Posisi Publik Muslim Amerika Serikat dan Populasi yang Tumbuh di Tengah Ancaman Rasial

Umat Islam di Amerika Serikat terus mengalami peningkatan dari sisi jumlah

Rep: Andrian Saputra / Red: Nashih Nashrullah
Kelompok Muslim Amerika Serikat mengampanyekan anti Islamofobia (ilustrasi). Umat Islam di Amerika Serikat terus mengalami peningkatan dari sisi jumlah
Foto: world bulletin
Kelompok Muslim Amerika Serikat mengampanyekan anti Islamofobia (ilustrasi). Umat Islam di Amerika Serikat terus mengalami peningkatan dari sisi jumlah

REPUBLIKA.CO.ID, JAKARTA- Komunitas Muslim telah mengambil bagian terpenting dari kehidupan publik Amerika Serikat. Hal itu terlihat dari semakin banyaknya orang-orang Islam yang terpilih menempati posisi publik seperti di parlemen baik tingkat kota maupun negara bagian.
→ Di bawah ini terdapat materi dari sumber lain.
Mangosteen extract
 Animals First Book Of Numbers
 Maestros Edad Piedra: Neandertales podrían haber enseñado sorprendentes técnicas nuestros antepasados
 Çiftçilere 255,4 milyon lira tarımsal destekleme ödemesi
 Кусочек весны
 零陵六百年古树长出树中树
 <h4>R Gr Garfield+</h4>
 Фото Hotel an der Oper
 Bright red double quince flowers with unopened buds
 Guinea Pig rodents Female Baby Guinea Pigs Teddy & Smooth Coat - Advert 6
Menurut President of Nusantara Foundation dan juga Imam Besar Islamic Center New York, Amerika Serikat, Imam Shamsi Ali, partisipasi Muslim pada lini kehidupan lainnya juga semakin meningkat.

Baca Juga

Misalnya di bidang perekonomian dan pendidikan menurut Shamsi Ali warga Muslim banyak mengambil peranan signifikan. Bahkan di sektor keamanan, komunitas Muslim berpartisipasi di kepolisian, militer termasuk dunia intelijen.    

"Tapi hal lain yang menjadi perubahan itu adalah karena meningginya rasisme dan kekerasan dari kelompok radikal putih. Saya kira ini membuka mata warga Amerika bahwa yang radikal itu bukan hanya orang Islam. Justeru yang paling berbahaya justru kalangan white supremacy," kata Shamsi Ali kepada Republika.id.beberapa hari lalu. 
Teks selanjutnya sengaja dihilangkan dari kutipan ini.